The Pope is now accused of supporting condoms. The dirty little secret is that he really supports something much more scandalous. To a modern mind, a condom is little more that a piece of rubber, sex is little more than a means to pleasure, and the only question is to use or not to use. The scandal is that Benedict XVI goes beyond the categories of the modern mind. He believes in a human view of sexuality as opposed to a merely mammalian view.
When asked about using condoms against AIDS for high risk populations, Pope Benedict does not respond yes or no. The source of the problem is deeper: what view of sexuality do you have? Posing the question as simply “condoms: yes or no” implies an inhuman vision of sexuality. Even when he says condoms might be useful in some cases, it is not because they necessarily prevent AIDS, but because they will lead people closer to a human view of sexuality.
The question does not involve those living a human view of sexuality. In a fully human view of sexuality the question of separating the mutual self-giving of the spouses would not surface. A prostitute, man or woman, gay or straight, is living far from a human view of sexuality. Sexual acts without any meaning are totally inhuman. If prostitutes were to realize the possibility of disease transmission (some meaning if even a very basic one), it could lead them towards a human view of sexuality where the act expresses spousal love rather than leaving a void. The Pope is addressing exactly this banalization of sexuality which strips it not just of transcendent meaning but of all meaning.
The Pope is a man of ideas; he addresses himself more to a mindset than to a specific person. He is speaking to a Planned Parenthood activist handing out condoms in Africa but this is not all. He appears to address a materialist attitude that sees us humans simply as “more evolved predators” (according to a recent National Geographic article).
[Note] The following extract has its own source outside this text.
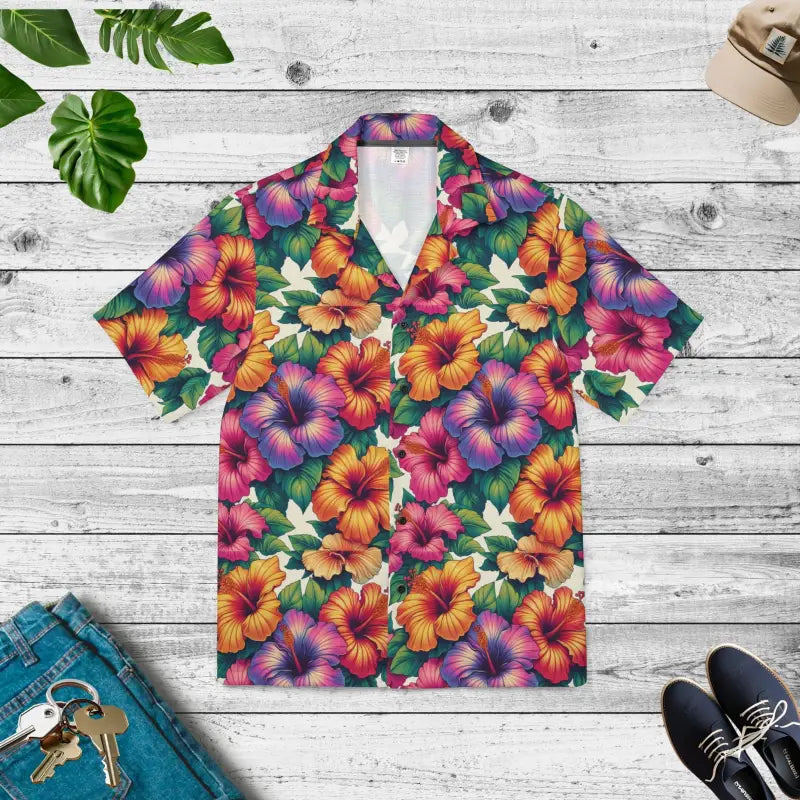 Colorful Hibiscus Flowers Hawaiian Shirt for Men - Xs Button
About ten years ago, Bloodhound Gang expressed this attitude in a #1 hit song “you and me baby ain’t nothing but mammals.” And they conclude their thought in the next line with the logical consequence: “So let’s do it as they do on the Discovery Channel.” If A then B; it makes perfect sense. The problem is that A is false; we are mammals but something else beyond as well. Staying on the level of mammals, condoms are the way to slow the spread of AIDS – sexual urges can be controlled no better than hair growth or blood flow so at least prevent disease transmission as a side effect of such brief rendezvous. The Pope has another perspective.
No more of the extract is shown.